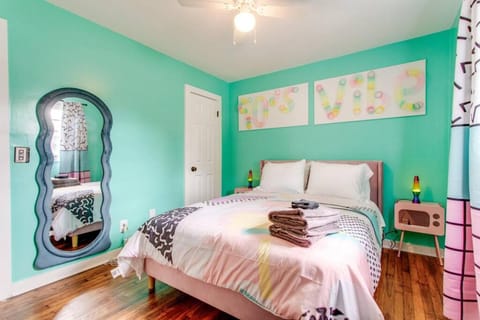 90s Crib -2bed 1bath, Funky Vibe, Central Location House in Murfreesboro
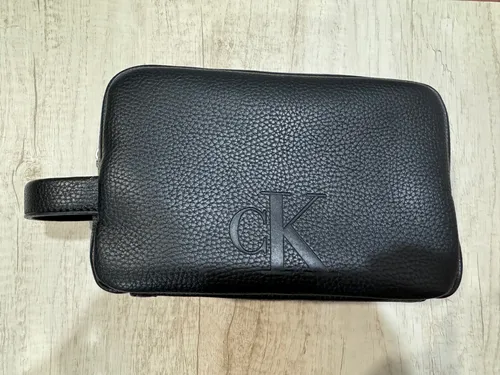 Sobaquera calvin klein para hombre sale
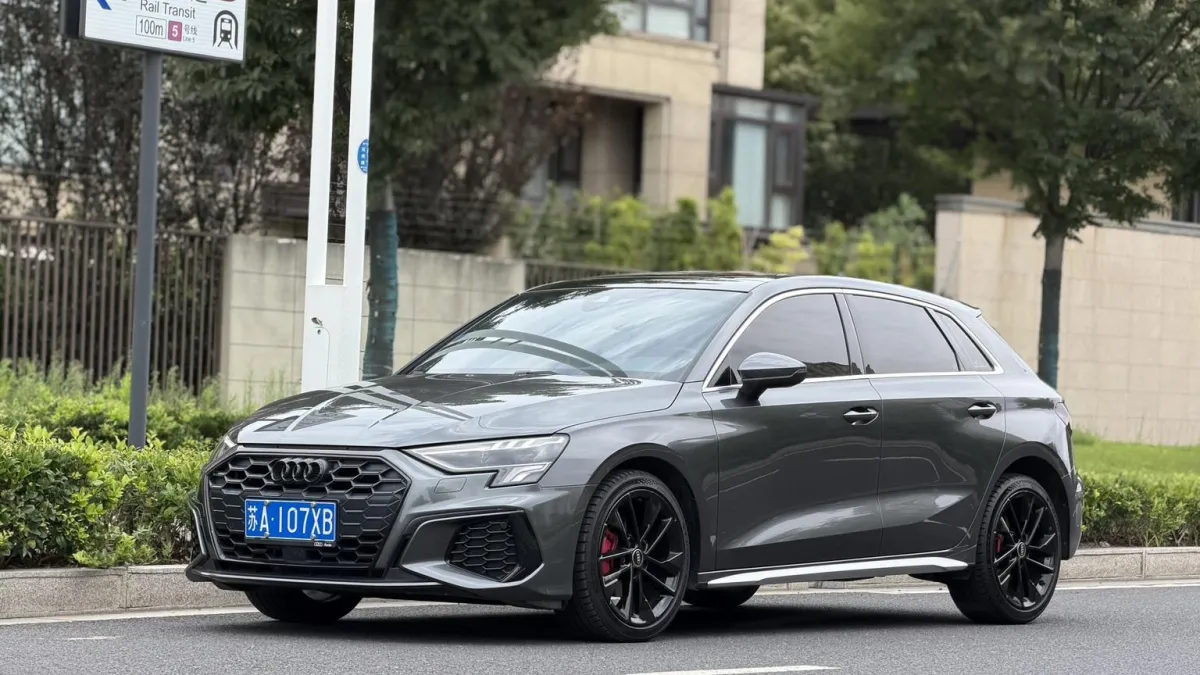 Audi A3 2023 — фото 1 из 18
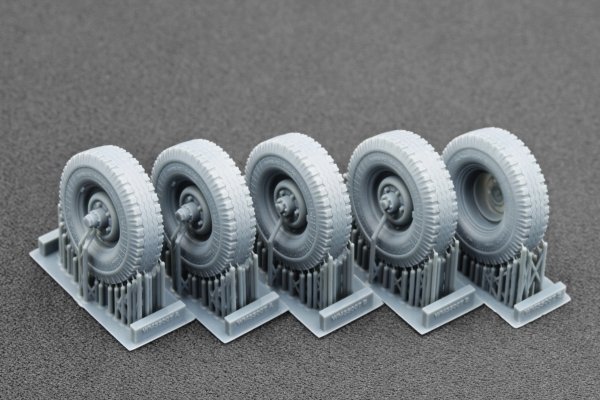 ScaleX WM 35007 UAZ 469 Ordinary wheel set (for Trumpeter) 1/35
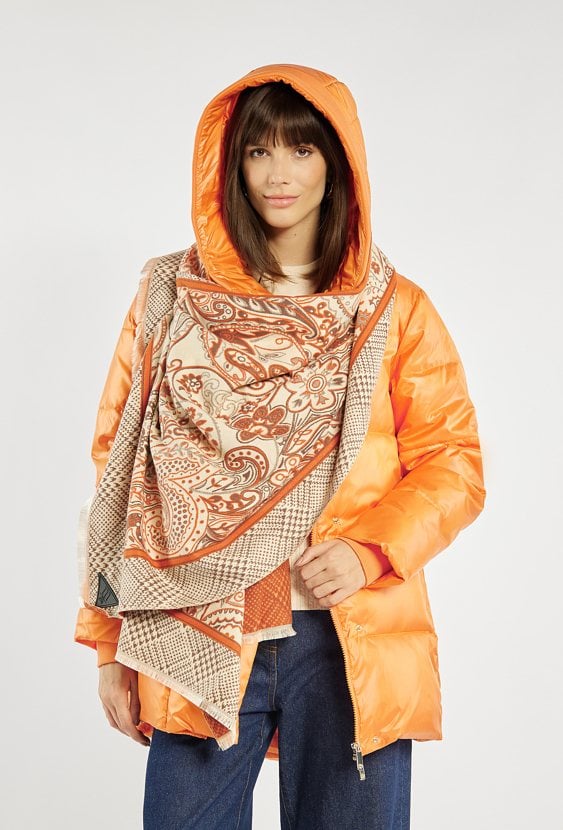 Szal w energetycznych odcieniach pomarańczu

********************

_Task prompt_
Your copy should match the data above exactly, apart from the pictures.

_Expected answer_
 90s Crib -2bed 1bath, Funky Vibe, Central Location House in Murfreesboro
 Sobaquera calvin klein para hombre sale
 Audi A3 2023 — фото 1 из 18
 ScaleX WM 35007 UAZ 469 Ordinary wheel set (for Trumpeter) 1/35
 Szal w energetycznych odcieniach pomarańczu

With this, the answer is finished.